→ WORK INSTRUCTIONS:
Every line from the one with "Disney on Ice" through the final line of the data below goes in the answer, copied exactly. Pictures do not.

→ TASK INPUT:
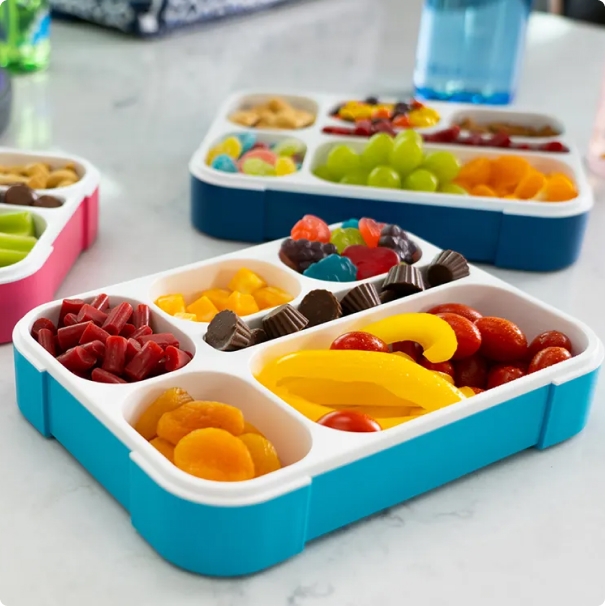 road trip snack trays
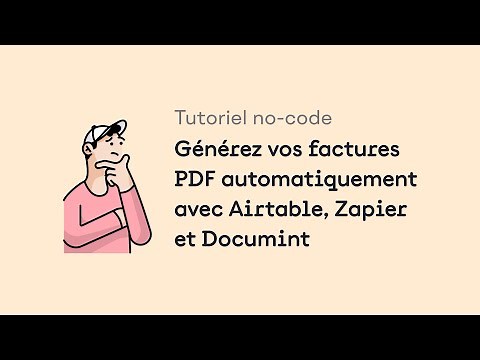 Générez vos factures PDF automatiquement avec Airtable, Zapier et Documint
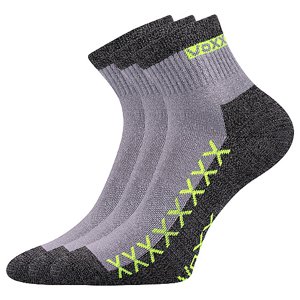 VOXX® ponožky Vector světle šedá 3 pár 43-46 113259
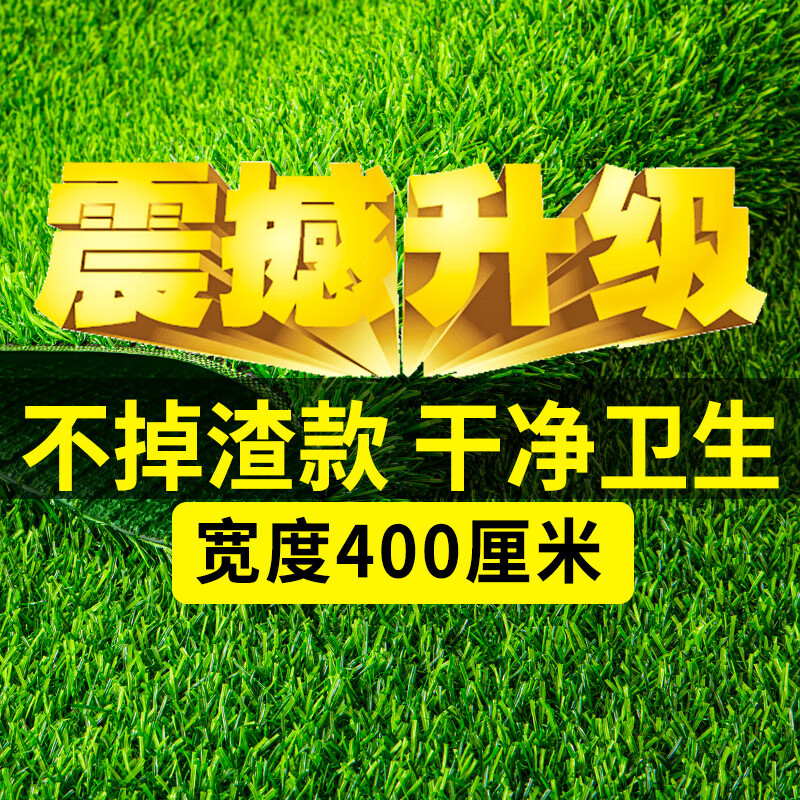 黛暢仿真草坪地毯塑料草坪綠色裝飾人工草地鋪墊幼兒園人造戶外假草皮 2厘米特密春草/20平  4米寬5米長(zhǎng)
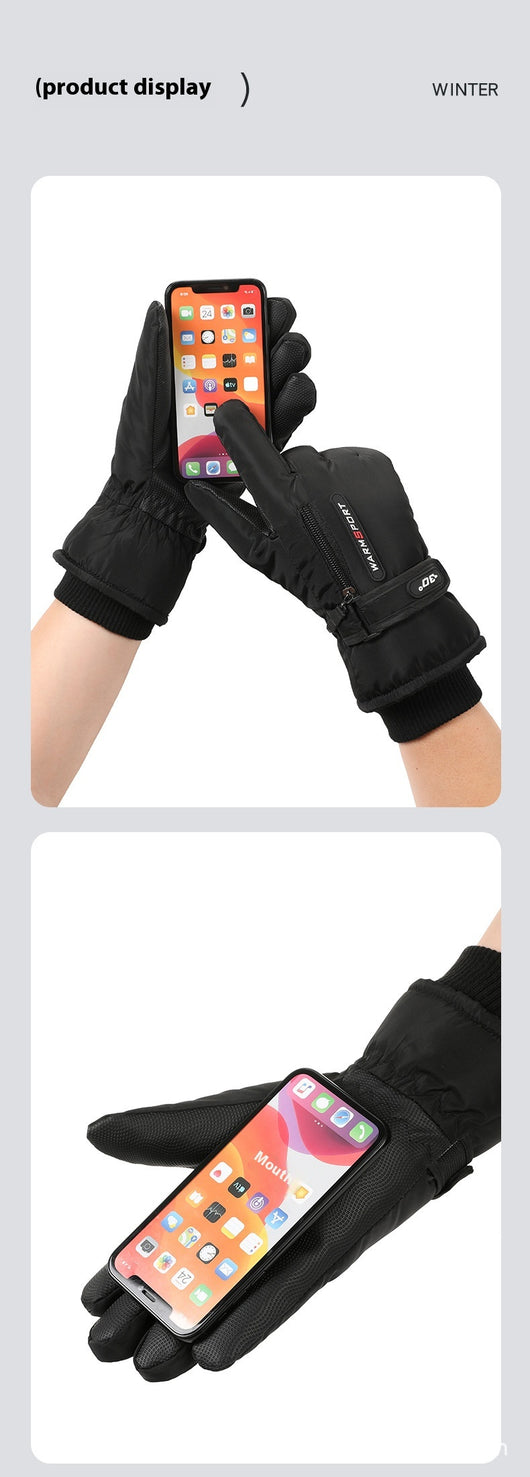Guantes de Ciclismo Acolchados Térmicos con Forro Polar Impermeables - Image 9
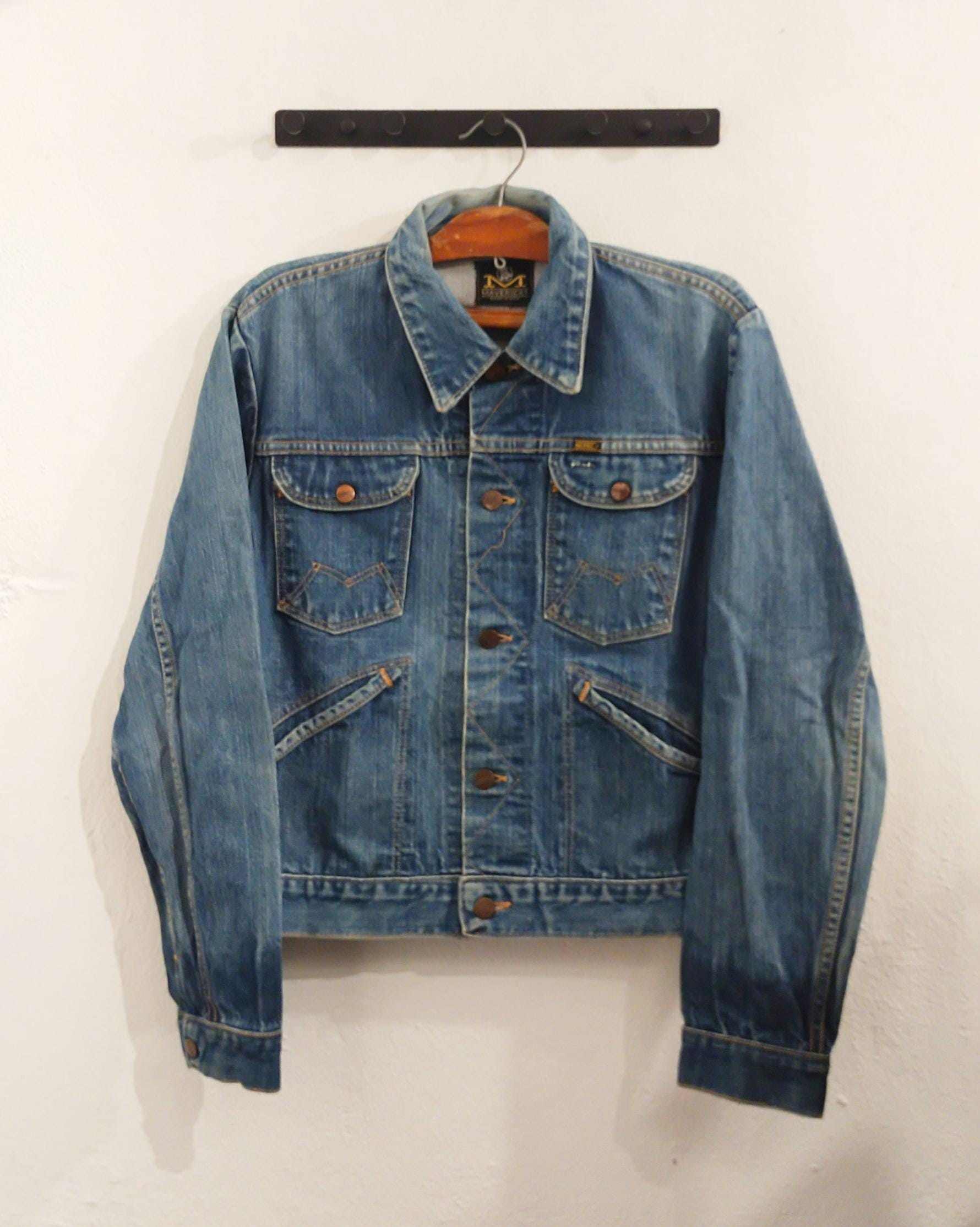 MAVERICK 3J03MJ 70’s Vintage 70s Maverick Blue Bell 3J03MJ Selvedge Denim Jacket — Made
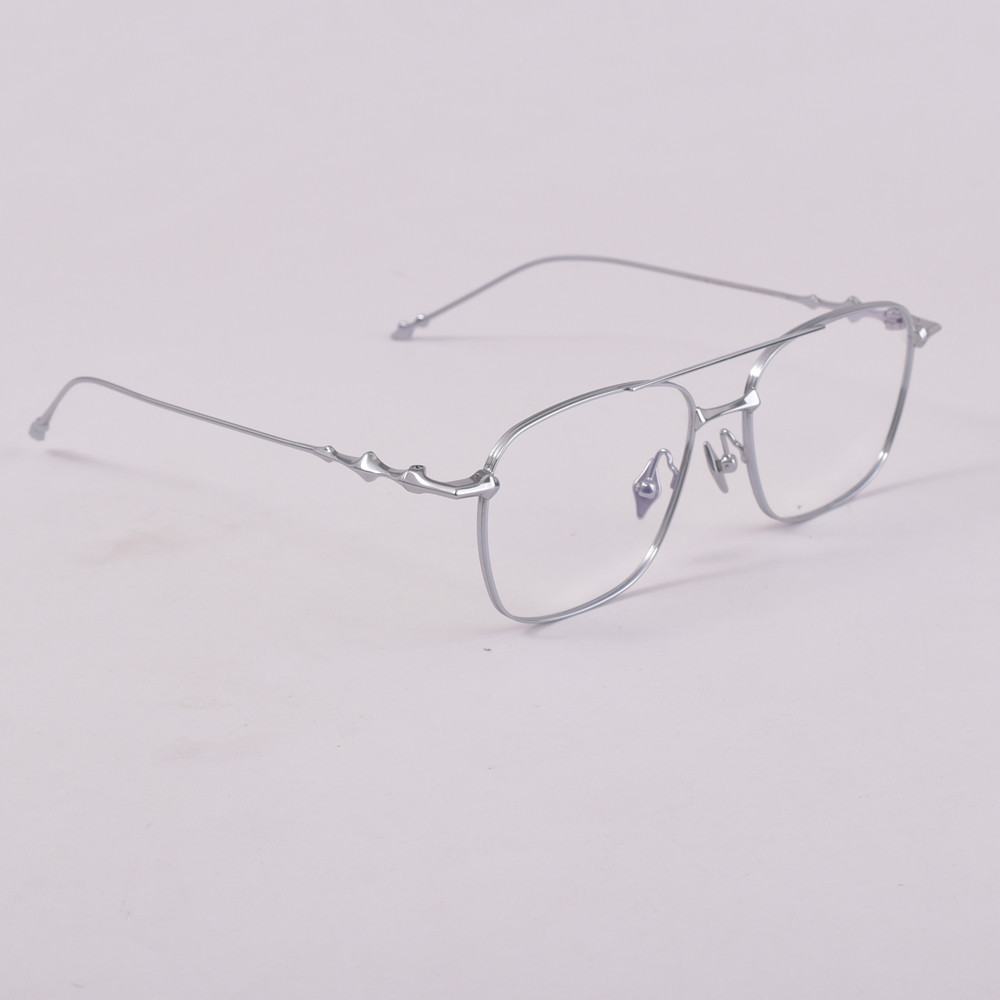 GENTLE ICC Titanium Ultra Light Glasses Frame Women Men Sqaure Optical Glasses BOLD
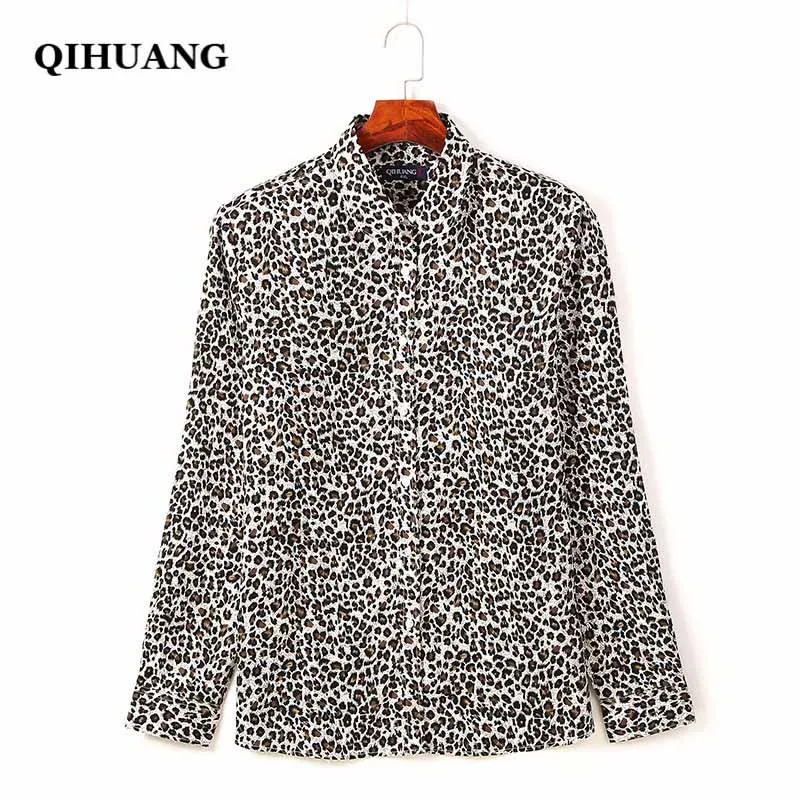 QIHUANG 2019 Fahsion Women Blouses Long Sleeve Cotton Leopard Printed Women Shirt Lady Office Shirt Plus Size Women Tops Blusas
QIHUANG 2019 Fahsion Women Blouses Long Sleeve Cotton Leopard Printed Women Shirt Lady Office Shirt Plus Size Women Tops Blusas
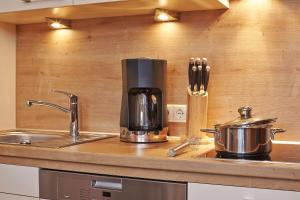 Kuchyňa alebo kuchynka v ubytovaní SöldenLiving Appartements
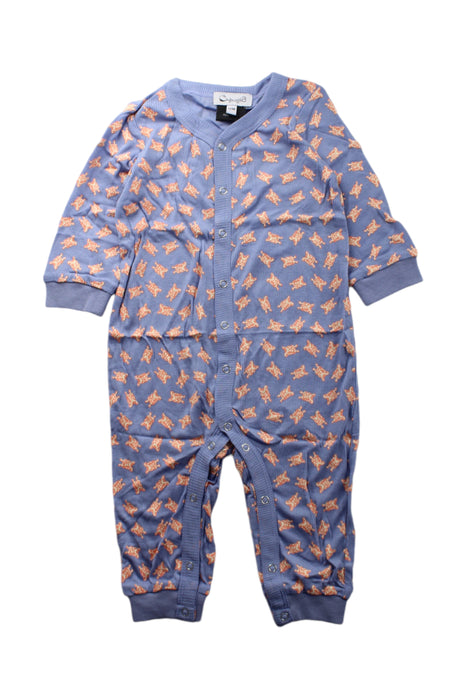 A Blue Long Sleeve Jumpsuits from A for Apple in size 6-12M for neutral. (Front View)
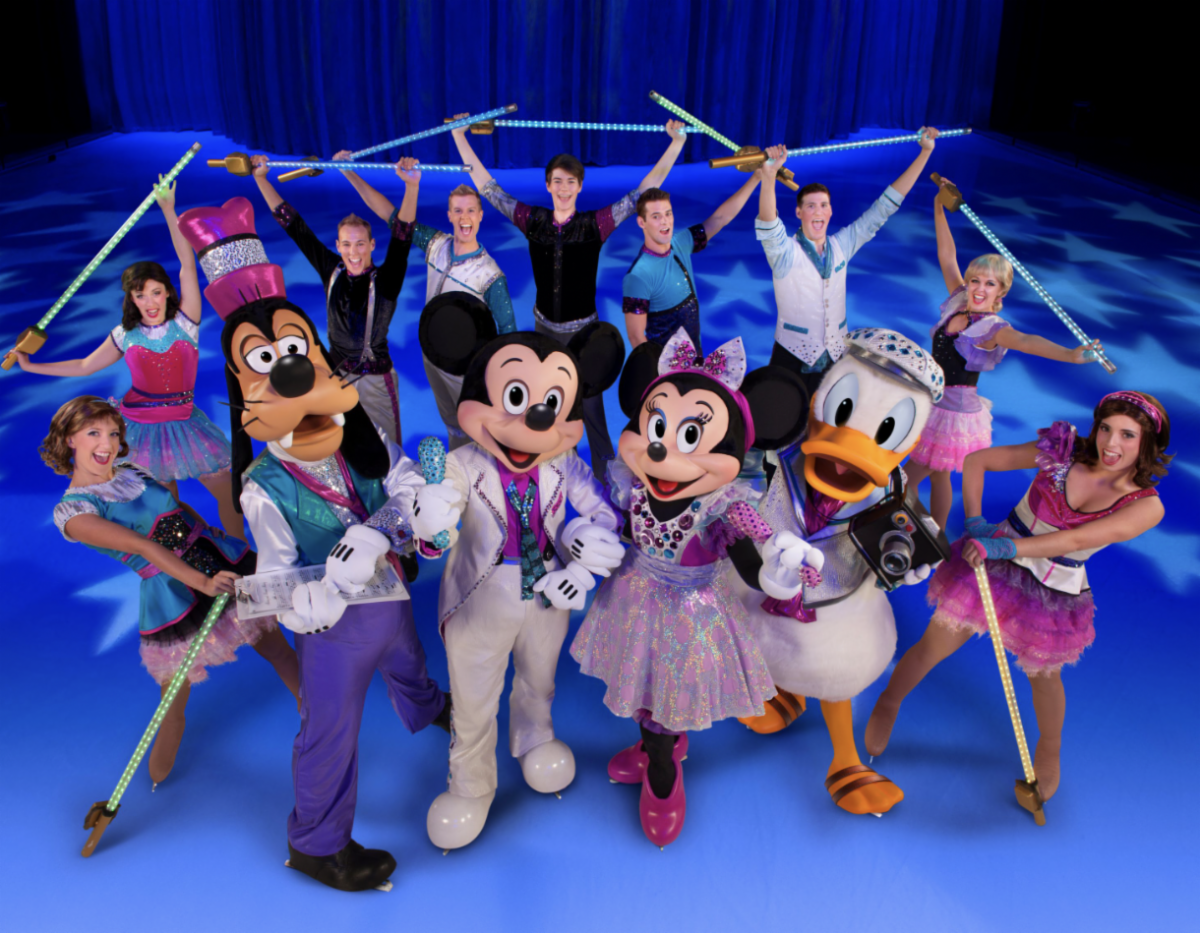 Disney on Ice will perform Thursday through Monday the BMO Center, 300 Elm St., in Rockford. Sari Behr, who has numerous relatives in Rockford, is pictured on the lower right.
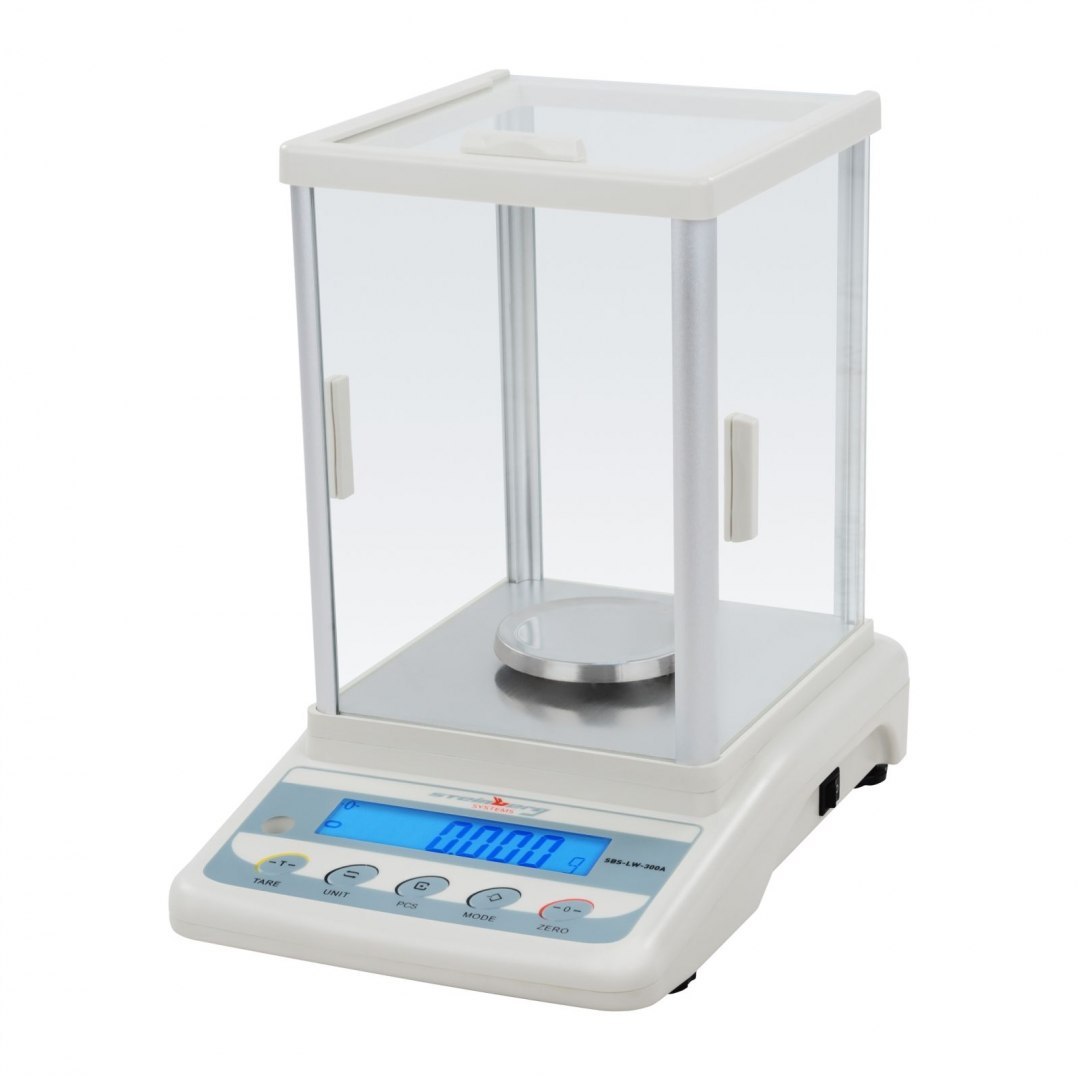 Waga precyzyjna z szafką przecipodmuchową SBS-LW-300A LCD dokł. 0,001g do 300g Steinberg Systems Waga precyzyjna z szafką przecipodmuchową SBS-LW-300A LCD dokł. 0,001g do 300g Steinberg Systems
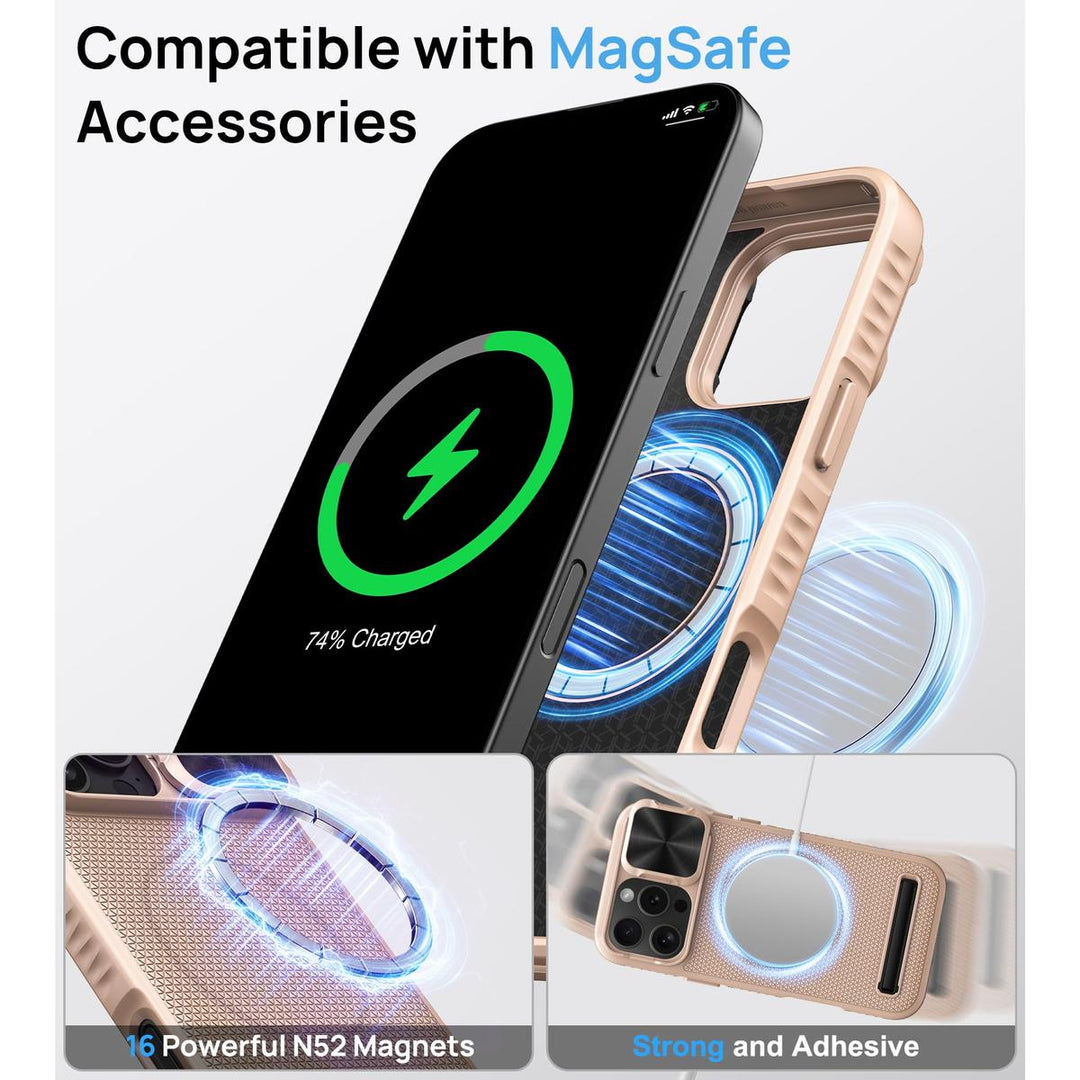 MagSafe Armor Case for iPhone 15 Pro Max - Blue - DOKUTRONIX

→ EXPECTED ANSWER:
 Disney on Ice will perform Thursday through Monday the BMO Center, 300 Elm St., in Rockford. Sari Behr, who has numerous relatives in Rockford, is pictured on the lower right.
 Waga precyzyjna z szafką przecipodmuchową SBS-LW-300A LCD dokł. 0,001g do 300g Steinberg Systems Waga precyzyjna z szafką przecipodmuchową SBS-LW-300A LCD dokł. 0,001g do 300g Steinberg Systems
 MagSafe Armor Case for iPhone 15 Pro Max - Blue - DOKUTRONIX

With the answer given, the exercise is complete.